高校生が身近で感じた問いからビジネスを考えるアントレプレナーシップ・プログラム「高校生Ring 2022」の最終審査会が東京都内で開かれ、大阪府柏原市の東大阪大学柏原高校生による県外進学者のためのホームステイマッチングサービスがグランプリに選ばれた。
主催のリクリートによると、マッチングサービスは発案した生徒が中学進学時に地元にバドミントン部がなく、祖母の家から通学することでバドミントン部のある学校へ進学できた経験を基に発想した。
この生徒がSNSを通じて全国の中高生約500人にアンケート調査したところ、約50%が県外進学を希望していたが、10人に1人は寮がないために断念していることが分かった。そこで、家族が巣立って空き部屋がある高齢者の自宅に目をつけ、遠方の学校に進学したい生徒と空き部屋を有効活用したい高齢者をマッチングするサービスを思いついた。これが実現すると、過疎地域など高校存続のために県外からの生徒を受け入れようとしている学校側にもメリットがある。
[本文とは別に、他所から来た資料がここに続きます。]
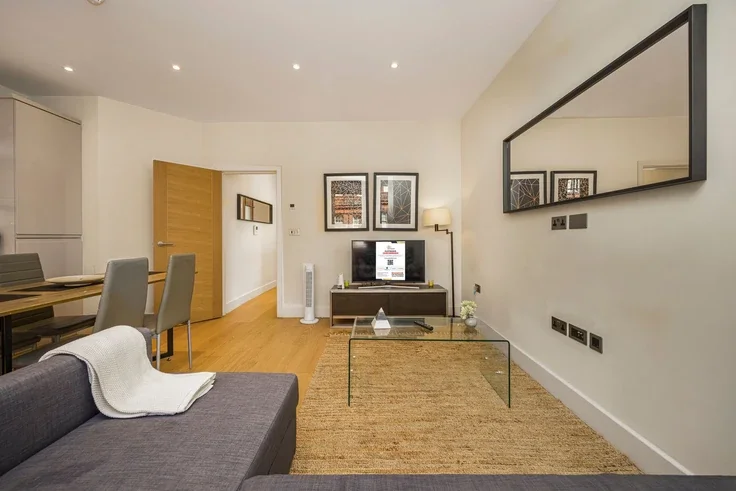 Flat Great Titchfield Street in City of Westminster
審査員からは「高校生の視点でしか思いつかないアイデア。空き家の増加や高齢化社会の進行に苦しむ社会へのインパクトも大きい」と高く評価された。受賞者は「世の中のサービスが、ある人の小さいひらめきや身近なことから生まれているということに気づいた」とコメント。ICTを活用していく技術を生徒が考えたり、培っていけるといいと考え参加したという先生は「ICT学習はインプットばかりになってしまいますが、このプログラムでアウトプットする経験に活用できることを学びました」とコメントしている。
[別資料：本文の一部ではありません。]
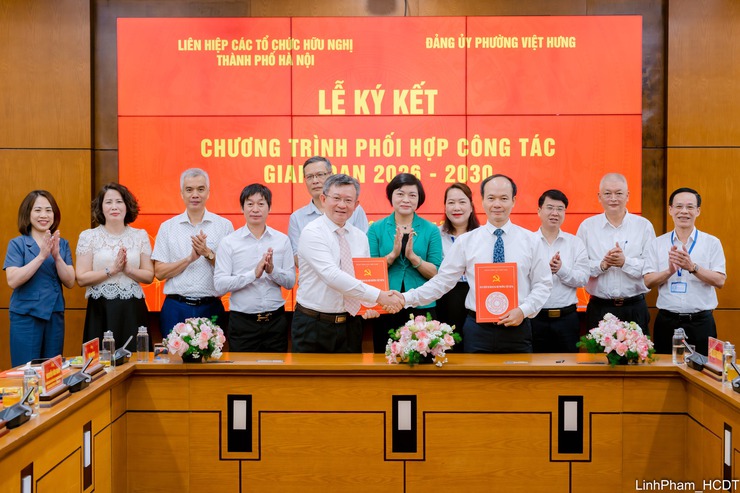 Liên hiệp các tổ chức hữu nghị thành phố Hà Nội phối hợp Đảng ủy phường Việt Hưng thúc đẩy đối ngoại nhân dân- Ảnh 1.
準グランプリは洛南高等学校の総合探究コース第1期生にあたる生徒たちが受賞。外出先にある美容院で安価に自分で髪形を直すことができるサブスクリプションサービスの提案で、自身が感じる課題だけでなく美容院側の「広告費をかけずに店舗に顧客を呼び込むことができる」というメリットも考えられており、審査員からは業界がここに機会を見いだせられたら良いビジネスになると評価された。受賞者は「自分が感じている課題を誰かに解決してもらうのではなく、自分で解決できる可能性があると気づくことができた」とコメントしている。